Ah, yes. Magically, the fog began to lift and a thin sun appeared high in the sky. The mist slowly receded from rocky crags and orange striations and red sands, like a Victorian lady lifting her long skirts.
Clouds blocked all signs of life below. Katherine joined me and we stood together in the wonder of it all, able to view the horizon as a full circle all around us, a sight also available out at sea. "It's the kukulu o ka honua," literally the pillars or borders of the Earth.
Jill, who is soon to publish the ultimate human history of Haleakala, treated us on the ride up to some tidbits of information true islanders would appreciate.
* National park engineers carefully designed the road to the summit, opened in 1935, so it doesn't impact the view. The first awe-inspiring sight of the crater is not revealed until you reach the top.
* It was commonly held that the road would depart from Olinda, the original route visitors took on horseback to Haleakala, but a survey revealed there were too many gulches to cross. John Arisumi, whose father once ran horse tours to the crater from Idylwild, the old home at the top of Olinda Road, told me there were two horse trails to the summit, "one for good weather, one for fog." Early in the decade, the Honolulu Trail and Mountain Club, founded in 1910 by Alexander Hume Ford, came over to Maui shortly thereafter and put signposts along the old trail, one of which Jill remembers having seen years ago.

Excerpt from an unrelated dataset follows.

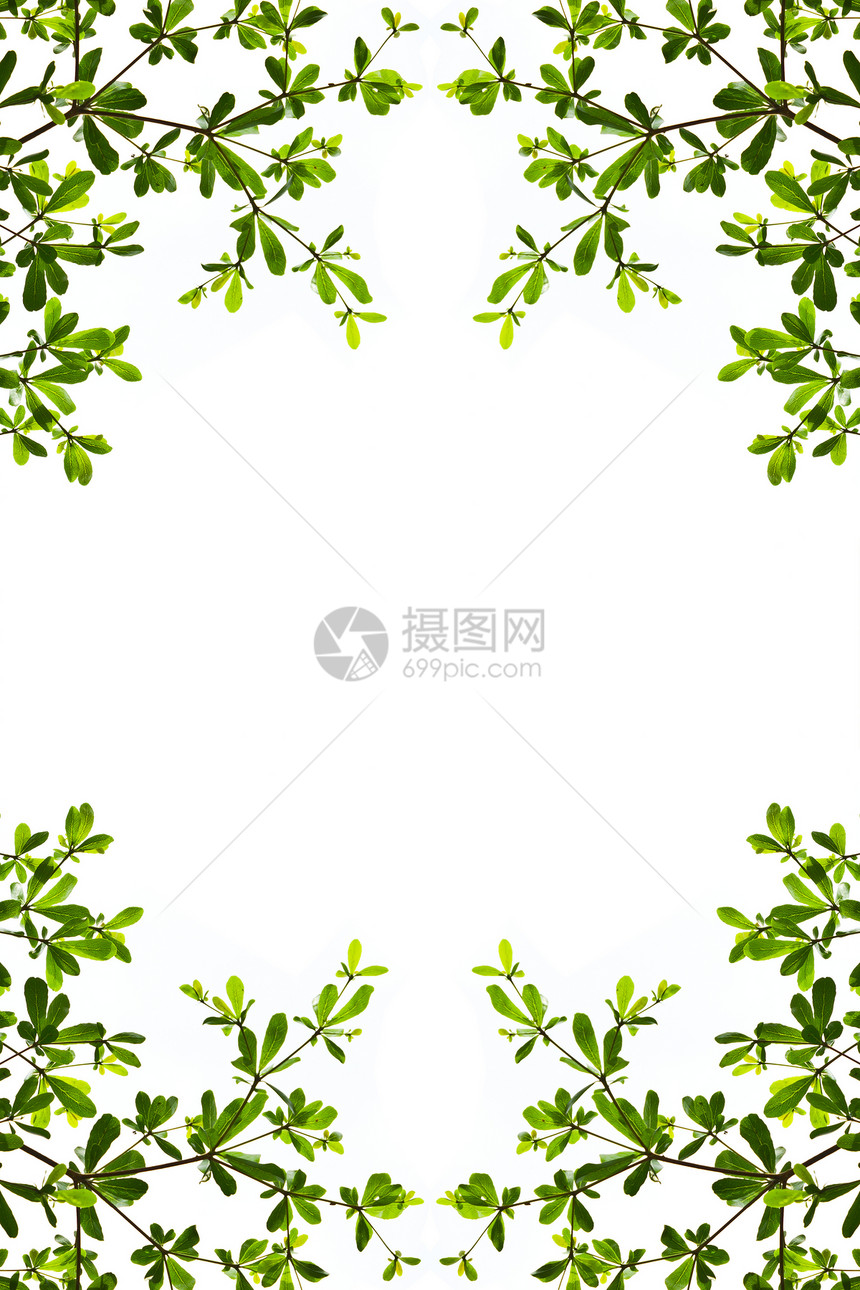 白色背景上孤立的绿叶阴影晴天叶子植物群枝条植物学生长框架花园公园图片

* There is one bridge on the park road, a little one just after park headquarters and the gift shop. It's made of carefully fitted yellow-and-orange native stone from within park boundaries.
* The mountain used to be 10,025 feet, but it lost 2 feet during the war when the military built a radio installation at the summit. The cluster of gleaming observatories nearby should not be called Science City, Jill said; the proper term is Haleakala Observatories. A new telescope is planned for the site, 14 stories high, painted white, to be called the National Solar Observatory, pending the resolution of a lawsuit opposing it. Scientists say they will learn more about the sun than since the time of Galileo.

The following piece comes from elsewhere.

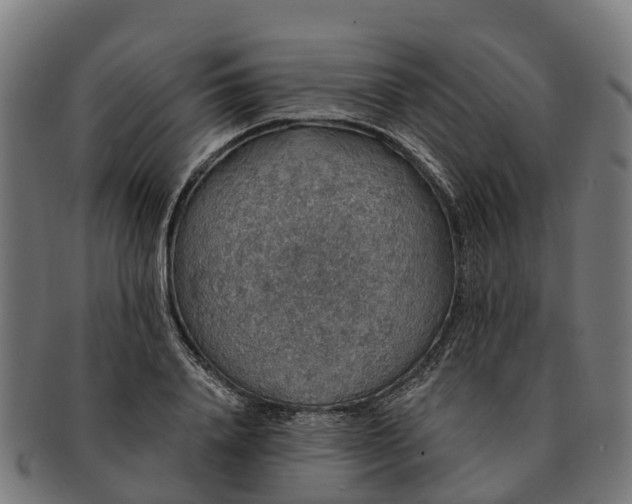 X0000091330840200708241158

* For a while, there was a move within the Park Service to get rid of the word "crater" referring to Haleakala, in favor of the more scientifically accurate but plodding terminology, "summit valley," "summit basin," and the unfortunate term "erosional depression." The employee who pioneered the latter term is no longer on Maui, Jill revealed.

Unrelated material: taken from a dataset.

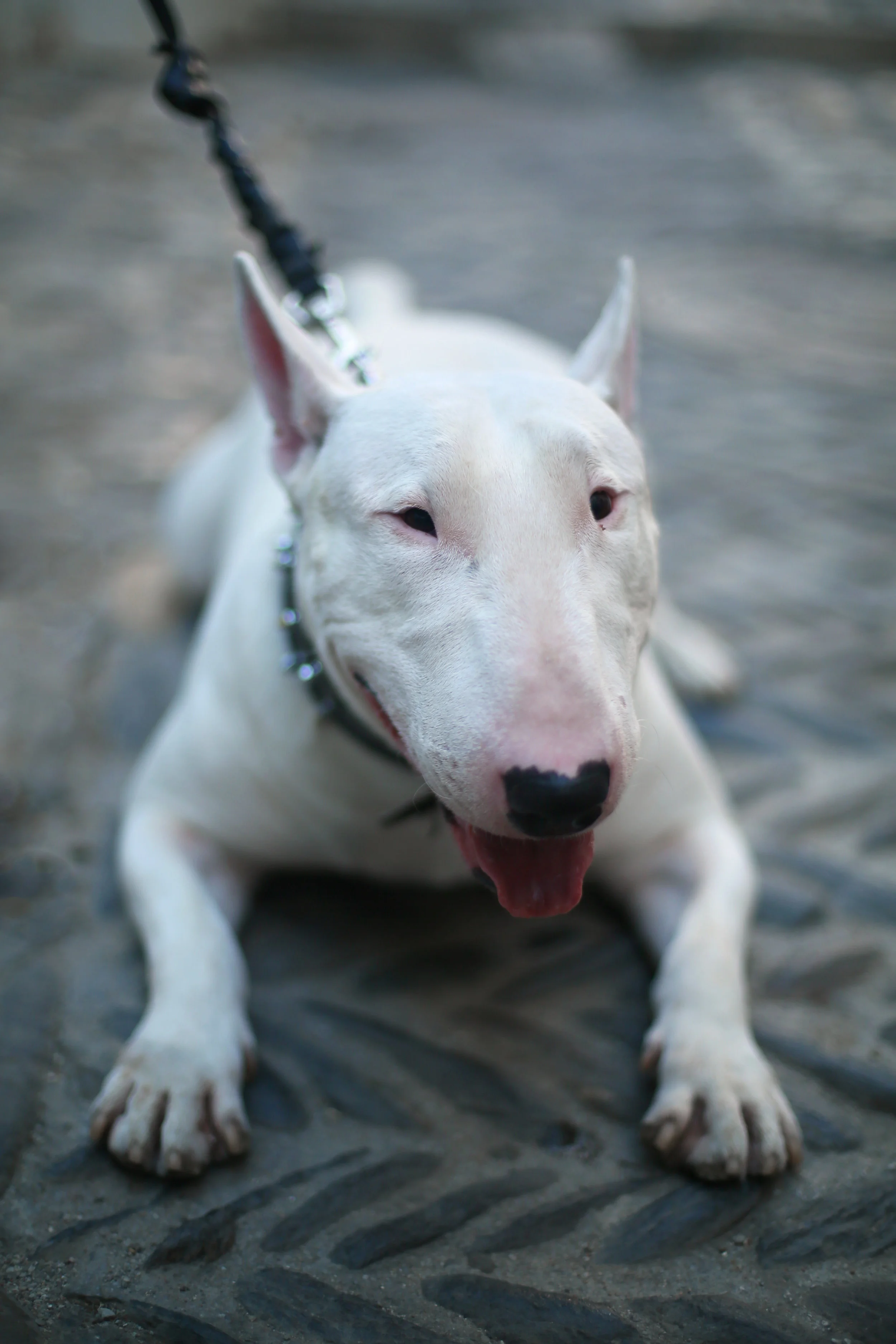 dog.jpg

* Nobody realized there were archaeological sites on the mountain, including a heiau, until the children of Louis von Tempsky, the legendary manager of Haleakala Ranch, were sliding their horses down a pu'u one day in the 1920s and discovered a site with walls. Lorrin Thurston, who helped create the Volcanoes National Park, was along for the ride and told the Bishop Museum. The young Kenneth Emory was dispatched, thus beginning his brilliant career.
On the way down, we stopped for a picnic at Hosmer Grove, planted with conifers and pines by Ralph Hosmer at the turn of the 20th century. "Koa trees were suffering a massive die-off and no one knew why," Jill explained. "He wanted to find out what else might grow."
The tall stand of trees was at the edge of the Waikamoi forest, and native birds are doing their best to adapt to it. High up in the rainbow eucalyptus, i'iwi flashed their black wings as they investigated the white flowers, settling down again, their crimson breasts and heads shining through the leaves like lehua blossoms.
An apapane - much like the 5-inch i'iwi, but with a white rump - hopped in the mamane and pukiawe bushes nearby, what a sight to lift the heart. The air resounded with a choir of birdsong, a lush chorus of fluting calls and piercing whistles.
At the picnic table, Linda quietly pointed to the fence behind me where perched a fat little male amakihi, with showy green feathers and the telltale curved bill of a Hawaiian honeycreeper. There he was, not more than three feet away. Katherine threw out some crumbs and down he flew to join us, a tiny miracle.